Welcome to the blog of the Consulting Editors Alliance. This is our forum for sharing views on the wonderful, bizarre, enormously frustrating and satisfying (depends on the day) world of book publishing and our roles in it as freelance editors, writing collaborators, and ghostwriters. Please join the conversation!

Sunday, June 26, 2011

Philip Roth: "I Wised Up"

I enjoyed this interview with Philip Roth (from the Financial Times, via Slate).  My favorite moment: When Roth says that he doesn't read fiction anymore, and when the interview asks why, Roth replied, "I don't know.  I wised up."  A cryptic answer that Roth declines to explain further.

Perhaps I like this exchange because it might seem to validate my own strong preference for reading non-fiction rather than fiction.  Although I am willing to make an exception when the fiction is by Philip Roth.

Monday, June 20, 2011

Eek!

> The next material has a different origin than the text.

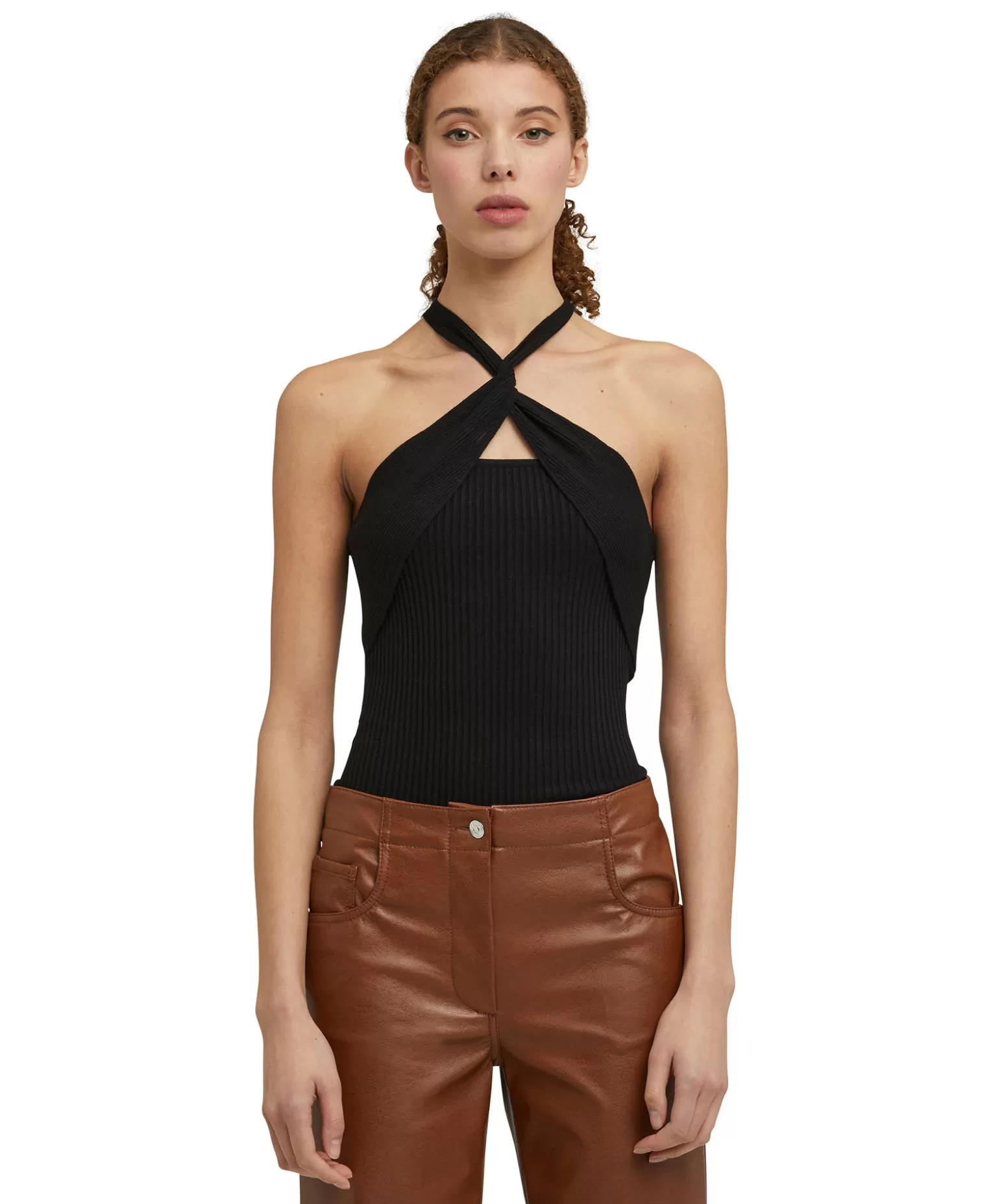 Donna MSGM Top Incorciato In Viscosa Elasticizzata A Coste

Get Me Copy Editing!

As the writer (not the author) of a book, I recently sent the manuscript along to the editor, Judith Jones, at Knopf. The author’s agent commented that we could look forward to the book actually being edited. “So many editors today just send manuscripts straight to copyediting.”

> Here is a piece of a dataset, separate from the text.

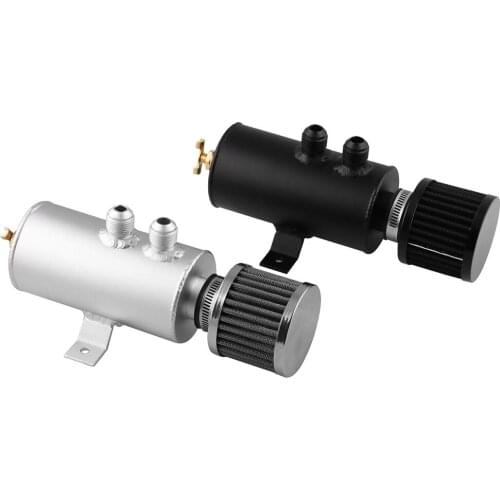 Oil Catch Can Tank with Breather Filter Aluminium 10 AN Round 0.75L Brushed Baffled Universal Separator bracket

I was not so surprised—we hear this sort of thing all the time—but then I read Ian Frazier’s review of John Darnton’s terrific memoir, Almost a Family. Frazier’s praise for the book was unqualified, but he closed with a paragraph expressing his disappointment with the editing of the book:

“Are books more carelessly edited than they used to be, or is it just my imagination? In general this book is not so bad in that regard. However, I was discouraged to see that Knopf’s copyeditors seem not to know the difference between “poured” and “pored” and “clamoring” and “clambering.” He goes on to note that the copy editors let “eek out subsistence livelihoods” slip by. “Eek!”

There is one obvious explanation: spell check. Whether the publishers are skipping real copyeditors and relying on that function or if lazy copyeditors are to blame, letting the computer do the job is an obvious factor. It isn’t enough. Spell check is great—for spelling—but writers, editors and copyeditors still need to be sure that the word itself is the right one.

Frazier closes with the hope that the next editions of Darnton’s book are corrected. And I suggest that more reviewers help by pointing out at least the most egregious flaws. Or is the age of shame also behind us?

Wednesday, June 15, 2011

The Literature of the World in a Warehouse in Richmond, California

I love this story about Brewster Kahle, who has taken it upon himself to create an archive for hard copies of books scanned, digitized--and then mostly discarded--by Google.  Ultimately he hopes his collection will include some ten million books.

Is there a point to Kahle's mission?  There will be if, by some quirk of history or technological evolution, we arrive at a moment when the Internet is no longer available or useable, and we suddenly realize that one of those old tomes we uploaded decades ago contains information we actually need or want.

Digital technology is great, but I for one wouldn't want to bet our entire cultural patrimony on the continued viability of any single electronic data storage and recovery system.

Sunday, June 12, 2011

The Gap

And I am not talking about jeans.

Since I have launched an independently published novel into the blogosphere of book reviews and book bloggers I have come across an interesting phenomenon. I am sure it will straighten out eventually but for the moment, I am reminded of what our guest, Laura Von Wermer said about techgeeks scaring the book people away from our territory and how we have to take it back (I'm paraphrasing).

Reviews, a basic tool -- you send an ARC out to a list of time honored media representatives and they assign the book. Either the reviewer likes it or not, but there are givens: they know that the book is not proofed so they don't point out typos; there is the understanding that the font of a novel is probably not something to review.

More important-who gets the ARCs--if you are dealing with a virtual PR agency, as I am, this is wild. We are definitely not in the same world. I have been the host blogger on a mommy blog for a novel about Marilyn Monroe. I believe the thinking for where a book should go is fundamentally different. Rather than to a MM site, or dead celebrity, or Hollywood, the thinking goes in multiple directions. Blogs can take you deeper and sideways rather than staying on topic.

It's all a learning experience and once I've mastered it I am sure the entire landscape will change. C'est La Guerre.

Thursday, June 9, 2011

A book of and for the ages

I am telling everyone these days about A TIME FOR EVERYTHING, by Karl Ove Knausgaard, translated from the Norwegian by James Anderson. I have not been so moved and awed by a book in years. The time you give this book will be repaid a thousand fold in honest emotion (one of the rarest things in art), spellbinding imagery, and profound ideas.